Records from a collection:
[Start of Attachment]
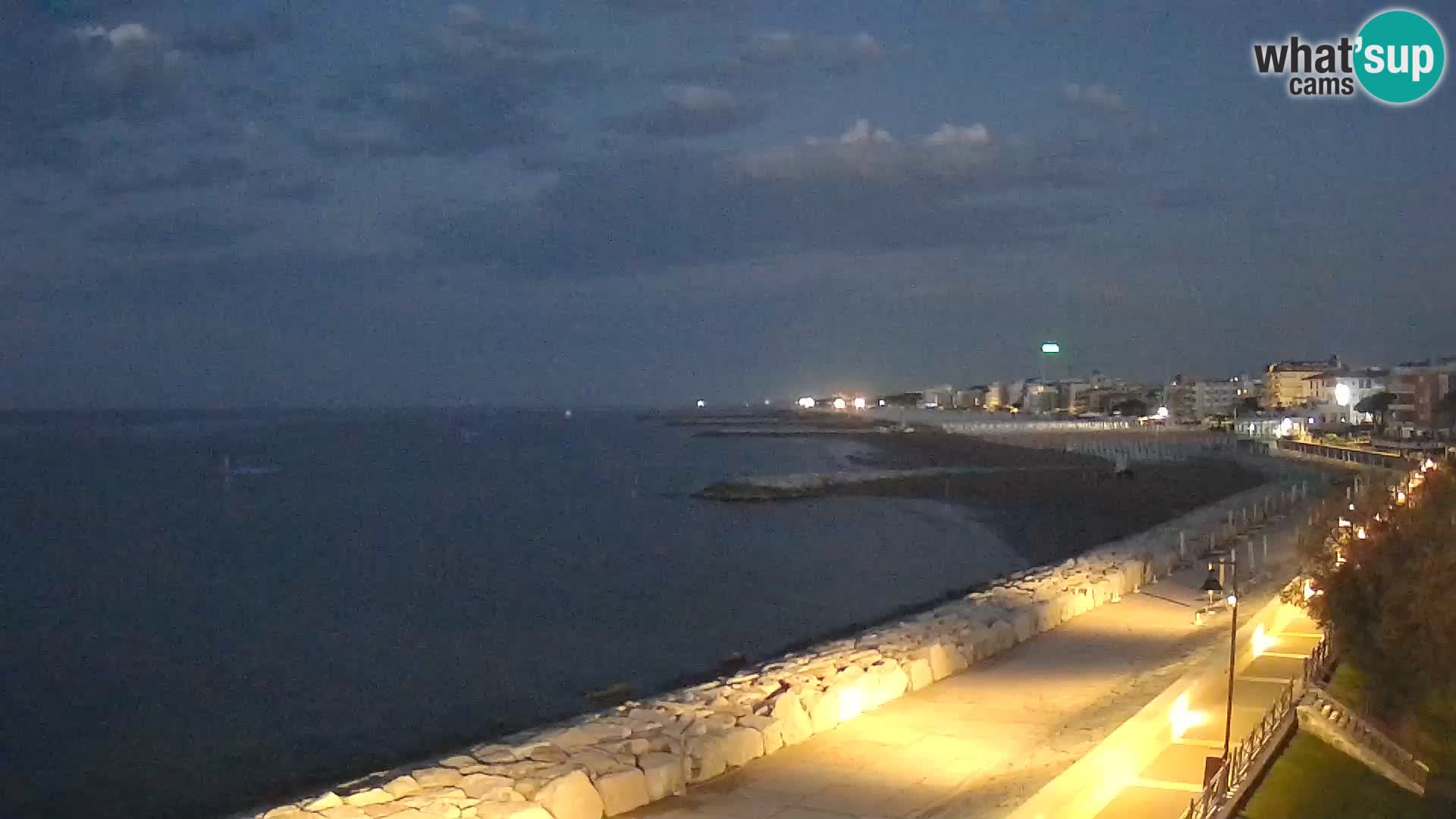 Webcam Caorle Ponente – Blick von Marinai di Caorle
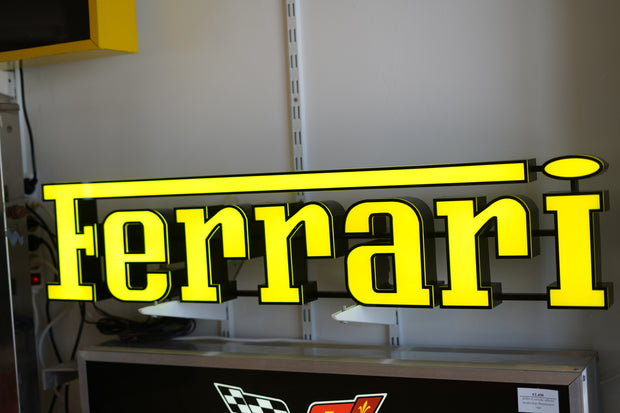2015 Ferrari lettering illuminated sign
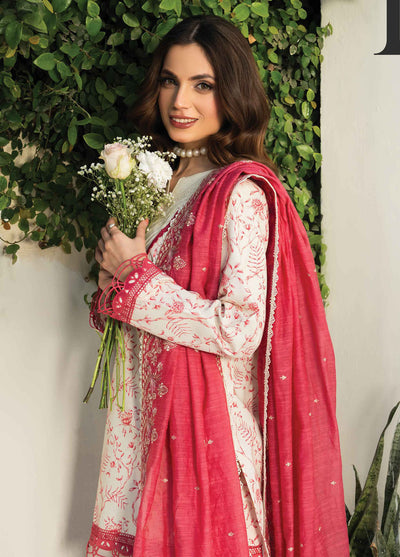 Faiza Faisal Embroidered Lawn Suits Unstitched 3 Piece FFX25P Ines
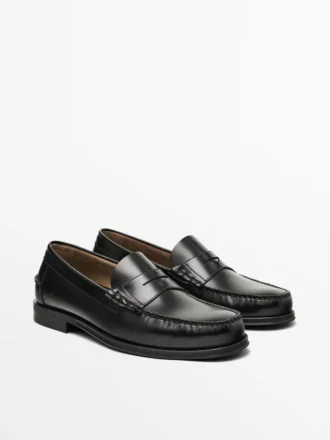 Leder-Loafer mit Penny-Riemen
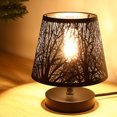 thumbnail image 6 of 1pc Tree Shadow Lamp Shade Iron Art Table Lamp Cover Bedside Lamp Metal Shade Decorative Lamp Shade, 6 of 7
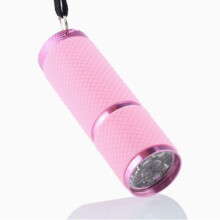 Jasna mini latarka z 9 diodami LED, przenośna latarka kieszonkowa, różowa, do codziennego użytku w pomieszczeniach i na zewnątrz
[End of Attachment]
** What you are asked to do **
When you reach the line that contains "thumbnail image 6" in the records above, copy it and every line after it exactly through the last one, leaving out the pictures.

** Written answer **
 thumbnail image 6 of 1pc Tree Shadow Lamp Shade Iron Art Table Lamp Cover Bedside Lamp Metal Shade Decorative Lamp Shade, 6 of 7
 Jasna mini latarka z 9 diodami LED, przenośna latarka kieszonkowa, różowa, do codziennego użytku w pomieszczeniach i na zewnątrz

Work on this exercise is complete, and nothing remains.